El primero de ellos, que el viaducto fue el único construido en época románica, con un precedente de época romana cuyos últimos despojos permanecerían varados en la margen izquierda, frente a las aceñas de Olivares. Nada más lejos. El Puente de Piedra actual, construido en el siglo XII, vino a sustituir el anterior, erigido un siglo antes, que se quebró, quizá fruto de una mala construcción, como ha señalado en alguna ocasión el profesor Miguel Ángel Mateos. Ambos llegaron a coexistir durante años. El Museo Catedralicio guarda el testimonio gráfico de aquello: una medalla de cera que muestra un viaducto de grandes y esbeltas arcadas y una sorpresa, una noria que abastecía de agua a la ciudad.

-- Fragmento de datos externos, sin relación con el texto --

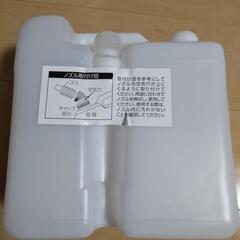 トラスコ　ノズル付ポリ容器　５Ｌ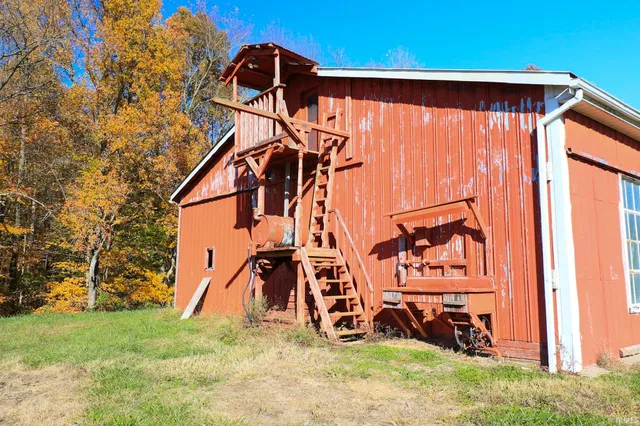 $610,000 | 4627 South 50 East, Huntingburg, IN 47542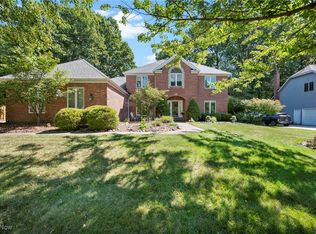 10087 Jamestown Dr, North Royalton, OH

Solo los fuertes resisten al tiempo. Y eso ocurrió con el Puente de Piedra, retratado con maestría por el dibujante Anton van der Wyngaerde en 1570. La perspectiva, desde la margen izquierda y con la ciudad en segundo término, nos permite descubrir un viaducto distinto al actual: es una verdadera fortaleza defensiva. "El principal objetivo de las torres era el control defensivo. Más tarde tuvieron una misión fiscal. Los alimentos que venían en carros eran inspeccionados y los propietarios tenían que pagar impuestos por ellos", explica Rodríguez Méndez.

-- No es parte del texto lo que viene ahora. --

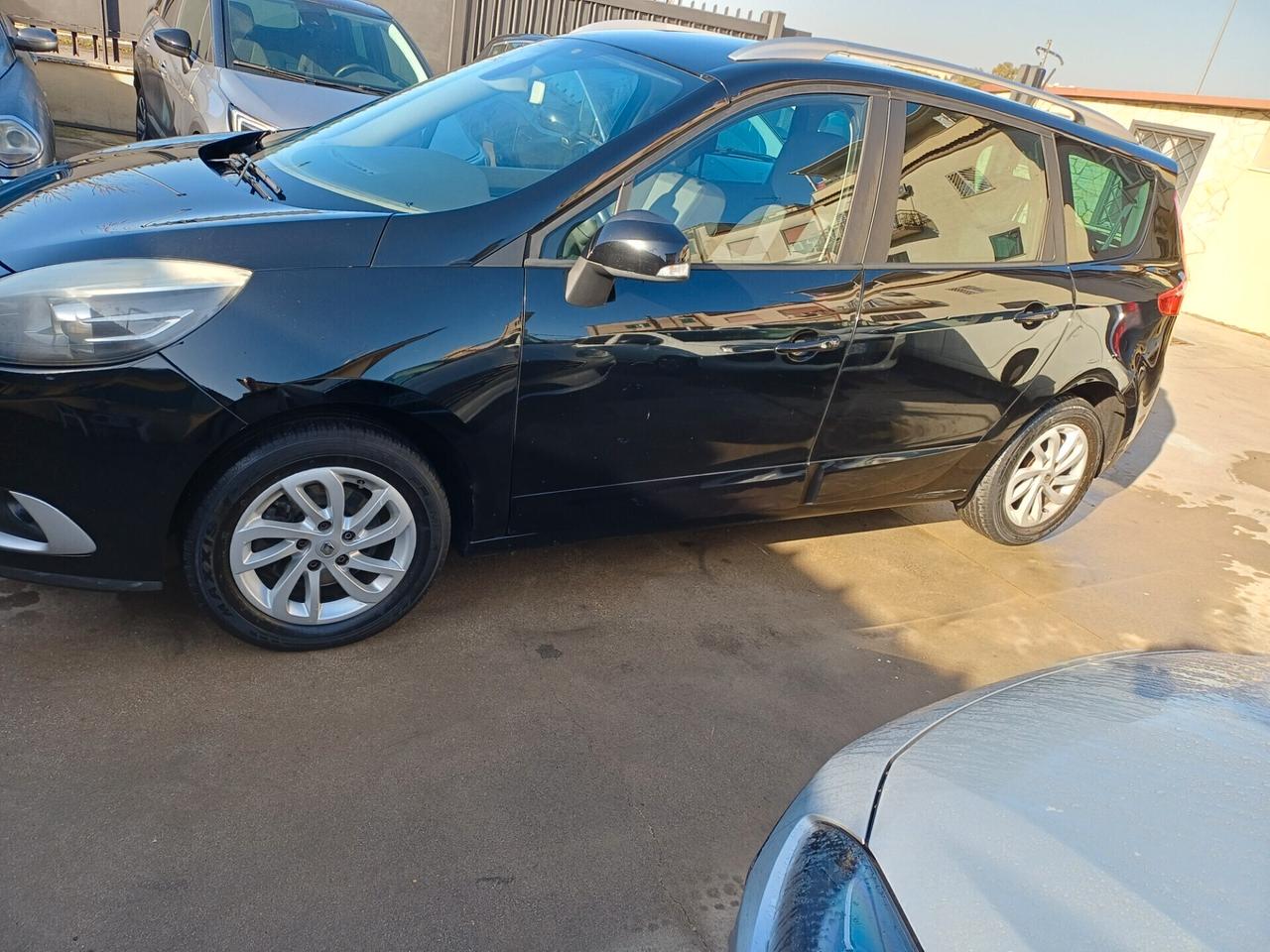 Renault Scenic dCi 110 CV (7 posti)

Para quienes demandan la reconstrucción de dichas torres bajo el argumento del regreso a la impronta original del monumento, ni siquiera esto es tan sencillo. Aquellas torres fueron sustituidas por las que llegaron a principios del siglo XX. "Fueron modificadas, no por capricho, sino por necesidad", detalla el arquitecto.

Pero hay algo más, un aspecto del que apenas se habla. Son las más de trescientas almenas que remataban el pretil del viaducto (el muro que lo delimita por ambos lados) y que refuerzan ese carácter defensivo, como una prolongación más del recinto amurallado de Zamora. Estos elementos servían para proteger la urbe de un posible ataque desde el agua, por cualquiera de sus flancos. Pero además reproducían el efecto de los estilizados pináculos en las catedrales góticas del medievo: su peso hacia abajo ayudaba a dotar de mayor estabilidad el conjunto de su estructura.

La guerra se alió con las modificaciones del viaducto. Tal y como relata Francisco Javier Rodríguez Méndez, "el arco número seis fue volado durante la Guerra de la Independencia". Un general inglés se encargó de destruir el paso en la primera mitad del siglo XIX para evitar que los franceses accedieran hacia el sur, Salamanca. Entretanto, fue habilitado un paso provisional de madera "sobre los mismos escombros" de la estructura.